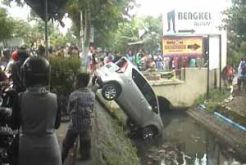 Sopir diduga mengantuk, mobil terjun ke sungai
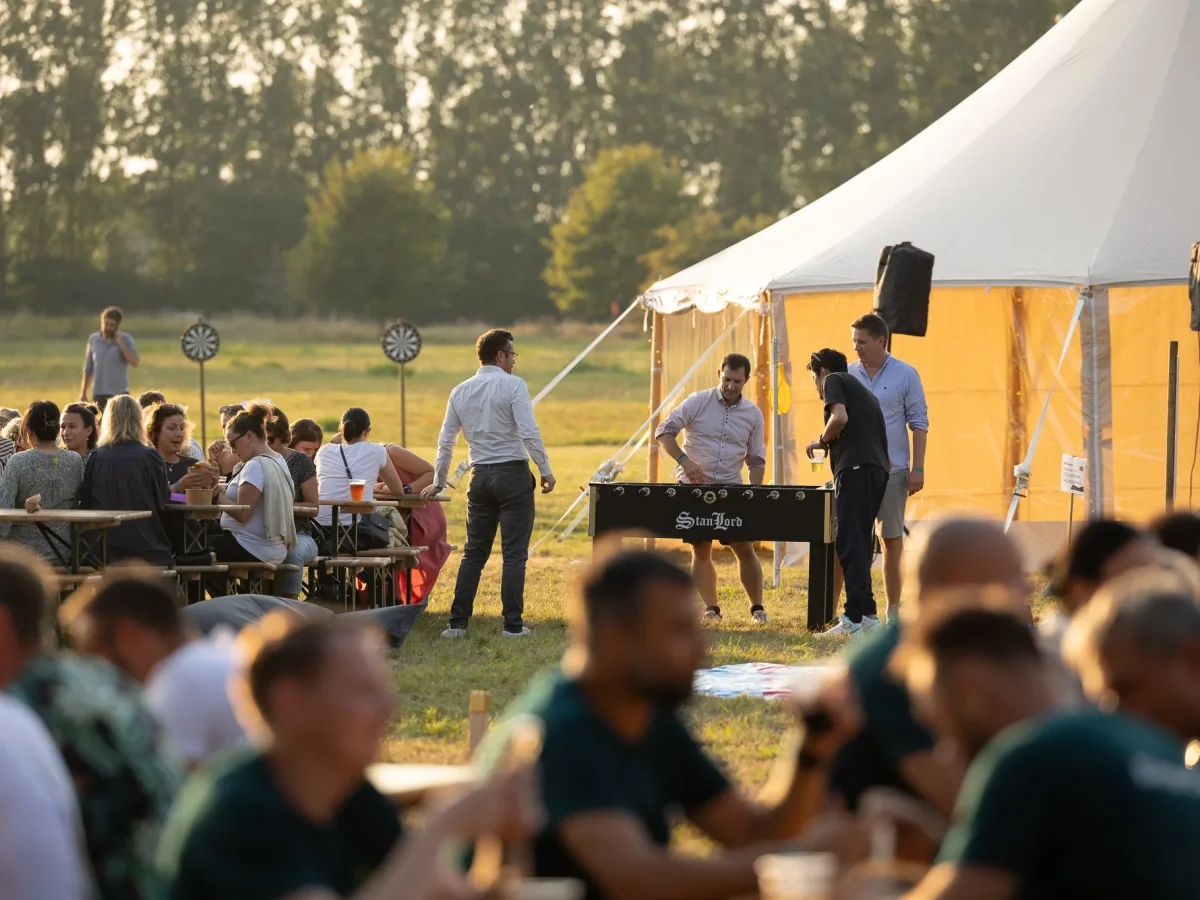 outdoor-teambuilding-event-telt-aften.webp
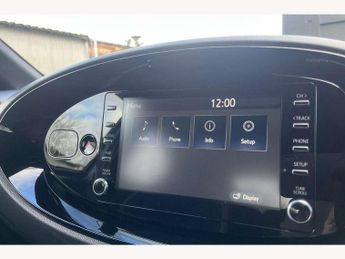 Toyota Aygo X 1.0 VVT-i Edge 5dr Auto
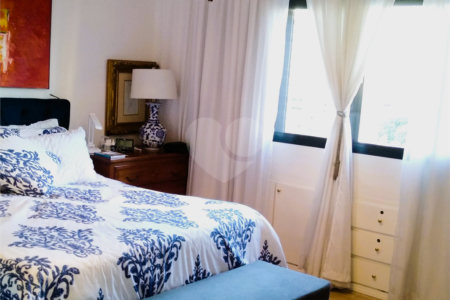 Apartamento à venda com 4 suítes em Vila Andrade, São Paulo, SP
################
Repeat the data in full and exactly. Omit pictures.

 Sopir diduga mengantuk, mobil terjun ke sungai
 outdoor-teambuilding-event-telt-aften.webp
 Toyota Aygo X 1.0 VVT-i Edge 5dr Auto
 Apartamento à venda com 4 suítes em Vila Andrade, São Paulo, SP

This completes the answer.